[Caption-style text data]
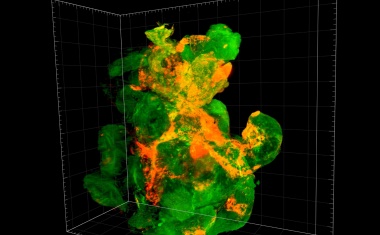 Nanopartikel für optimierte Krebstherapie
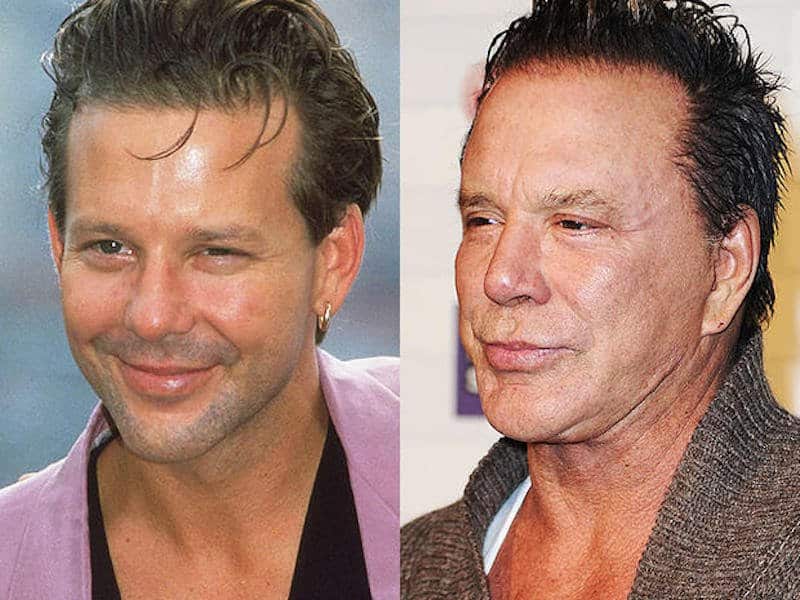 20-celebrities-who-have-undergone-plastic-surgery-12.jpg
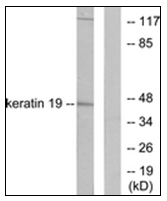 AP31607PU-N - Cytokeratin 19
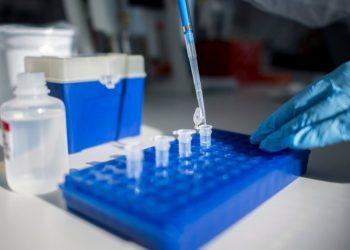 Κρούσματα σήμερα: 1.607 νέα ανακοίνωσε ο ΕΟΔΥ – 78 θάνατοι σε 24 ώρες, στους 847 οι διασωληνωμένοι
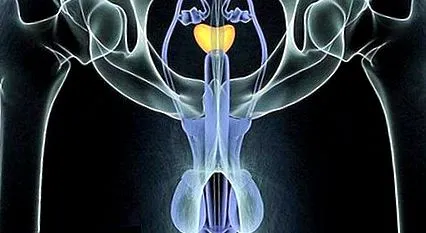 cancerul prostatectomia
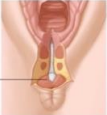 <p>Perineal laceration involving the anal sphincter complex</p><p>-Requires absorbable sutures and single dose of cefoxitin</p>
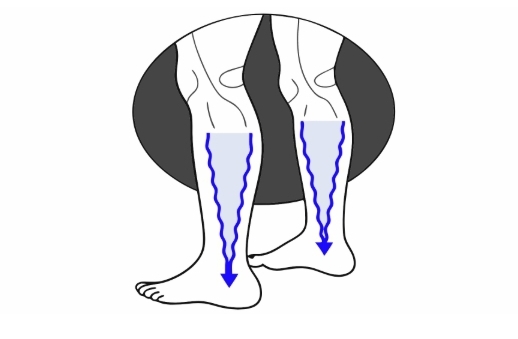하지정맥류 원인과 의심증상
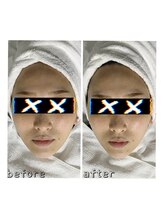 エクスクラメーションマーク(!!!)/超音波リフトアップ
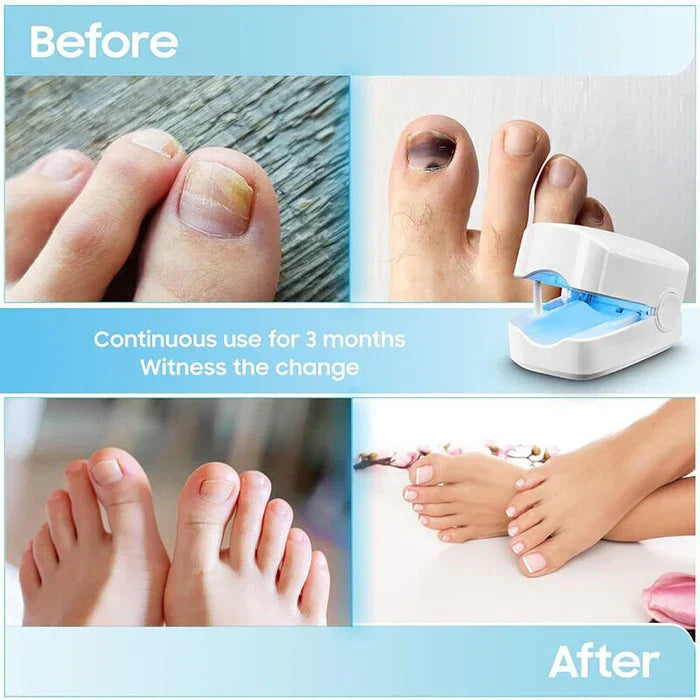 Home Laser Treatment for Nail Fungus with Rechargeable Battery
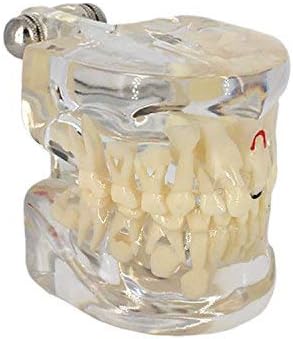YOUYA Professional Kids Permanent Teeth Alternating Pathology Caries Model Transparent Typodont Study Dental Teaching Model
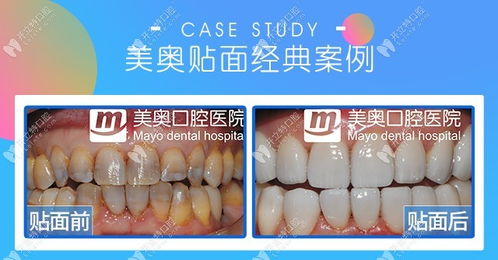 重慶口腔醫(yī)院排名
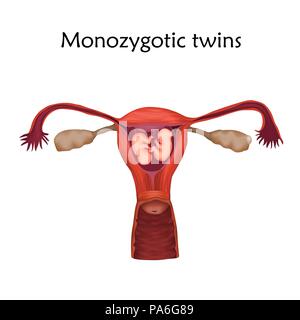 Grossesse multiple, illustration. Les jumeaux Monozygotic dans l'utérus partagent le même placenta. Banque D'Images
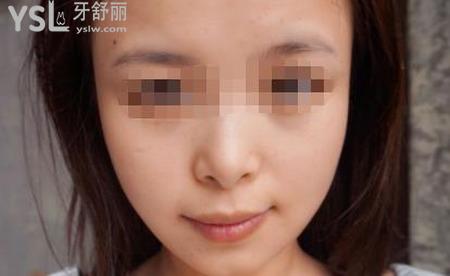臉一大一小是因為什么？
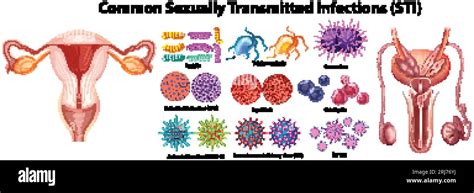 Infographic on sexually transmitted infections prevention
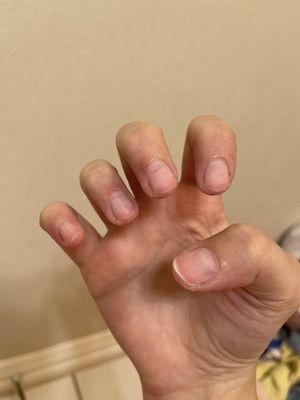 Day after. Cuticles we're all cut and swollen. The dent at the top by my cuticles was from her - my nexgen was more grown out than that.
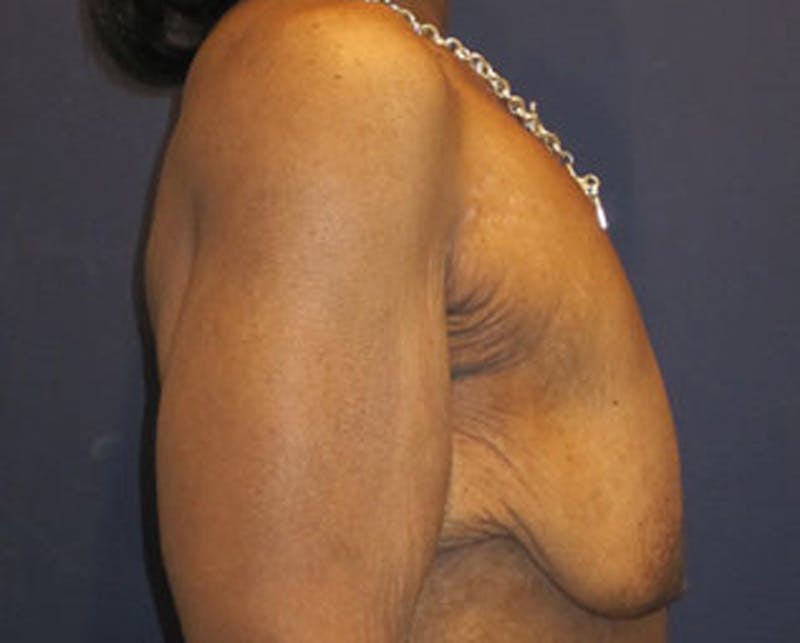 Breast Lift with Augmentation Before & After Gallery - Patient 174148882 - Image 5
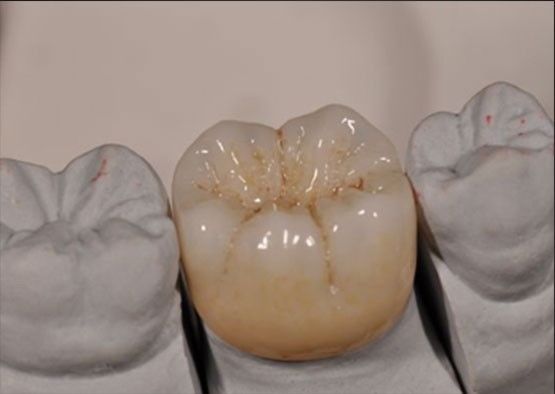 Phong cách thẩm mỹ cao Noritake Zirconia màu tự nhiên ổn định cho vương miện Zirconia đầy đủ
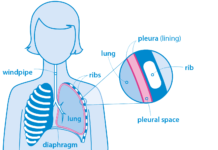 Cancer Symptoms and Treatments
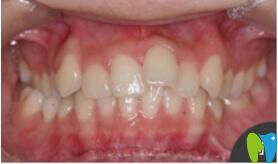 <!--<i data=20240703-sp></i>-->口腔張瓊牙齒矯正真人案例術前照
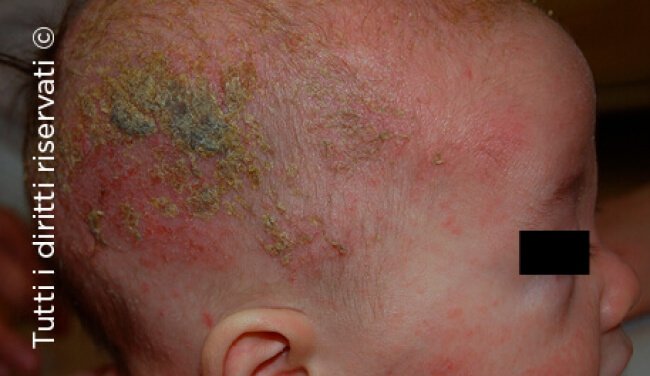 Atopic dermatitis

▶ **Required work**
Write out all the entries exactly, except for the pictures.

▶ **Answer for this exercise**
 Nanopartikel für optimierte Krebstherapie
 20-celebrities-who-have-undergone-plastic-surgery-12.jpg
 AP31607PU-N - Cytokeratin 19
 Κρούσματα σήμερα: 1.607 νέα ανακοίνωσε ο ΕΟΔΥ – 78 θάνατοι σε 24 ώρες, στους 847 οι διασωληνωμένοι
 cancerul prostatectomia
 <p>Perineal laceration involving the anal sphincter complex</p><p>-Requires absorbable sutures and single dose of cefoxitin</p>
하지정맥류 원인과 의심증상
 エクスクラメーションマーク(!!!)/超音波リフトアップ
 Home Laser Treatment for Nail Fungus with Rechargeable Battery
YOUYA Professional Kids Permanent Teeth Alternating Pathology Caries Model Transparent Typodont Study Dental Teaching Model
 重慶口腔醫(yī)院排名
 Grossesse multiple, illustration. Les jumeaux Monozygotic dans l'utérus partagent le même placenta. Banque D'Images
臉一大一小是因為什么？
 Infographic on sexually transmitted infections prevention
 Day after. Cuticles we're all cut and swollen. The dent at the top by my cuticles was from her - my nexgen was more grown out than that.
 Breast Lift with Augmentation Before & After Gallery - Patient 174148882 - Image 5
 Phong cách thẩm mỹ cao Noritake Zirconia màu tự nhiên ổn định cho vương miện Zirconia đầy đủ
 Cancer Symptoms and Treatments
 <!--<i data=20240703-sp></i>-->口腔張瓊牙齒矯正真人案例術前照
 Atopic dermatitis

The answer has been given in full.